Video games' vampire boyfriends are also a lesson in vulnerability — and navigating trauma
I also caught up with Newbon, who's won multiple accolades for his role as Astarion — a beautiful, 200-something-year-old vampire who's captured the hearts of many a "Baldur's Gate 3" fan.
It was tough to navigate the pain written into Astarion's harrowing vampire-origin story, Newbon told me. Because there are several ways Astarion's character arc can play out based on player choices, Newbon says those who befriend the vampire in-game get to see him "shake off a cloak of caution," and be vulnerable and genuine.
He said he's heard that people relate to Astarion because of how the character survives the trauma of his past — and the player gets to help him through it all and see his tragic tale to its end.
"For a lot of people it has meant that they've been seen, and they don't feel alone in their personal experiences, some of which can be horrific, difficult, and leave a scar," he said.

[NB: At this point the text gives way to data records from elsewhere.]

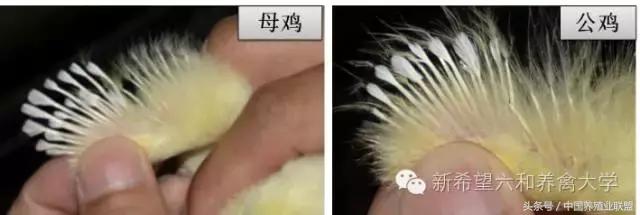 出壳小鸡怎么辨别公母,鉴别小鸡公母顺口溜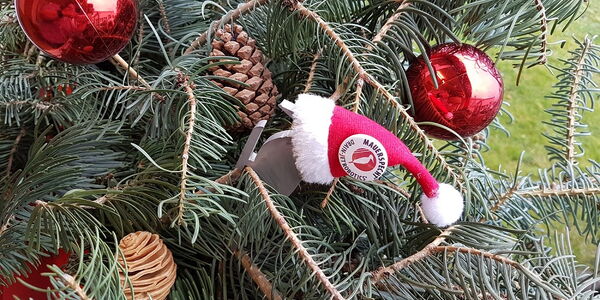 Frohe Weihnachten!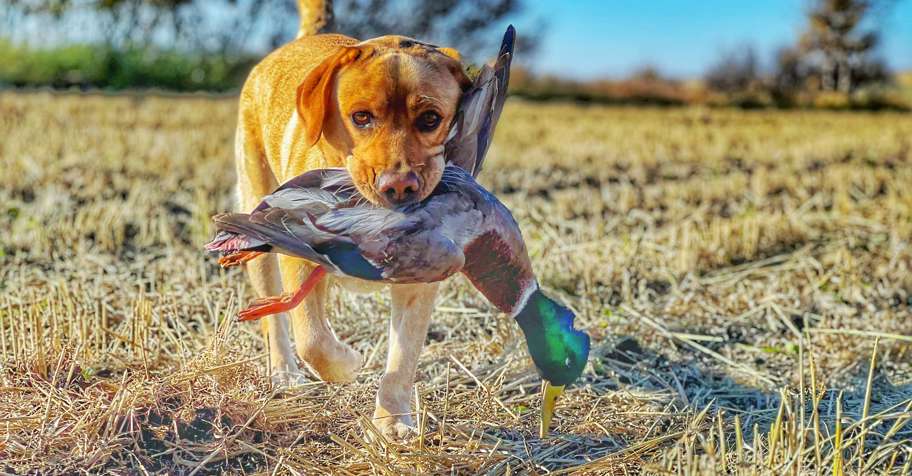 Three Day Waterfowl Hunting 2026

But an important aspect of the character that likely appeals to people, Newbon said, is his pursuit of freedom.
"Astarion's prime objective is to be free," he said. "I like the idea that people can be free to choose to love who they want and how to live their lives."
And he, like many fans, loves Astarion deeply now — and would play him again in a heartbeat.
"I hope viewers of the work see, too, that there's more underneath the surface of a person than the trope of this decadent, hedonistic, theatrical vampire," Newbon said. "There's a soul worth saving under there, so don't judge a book by its cover."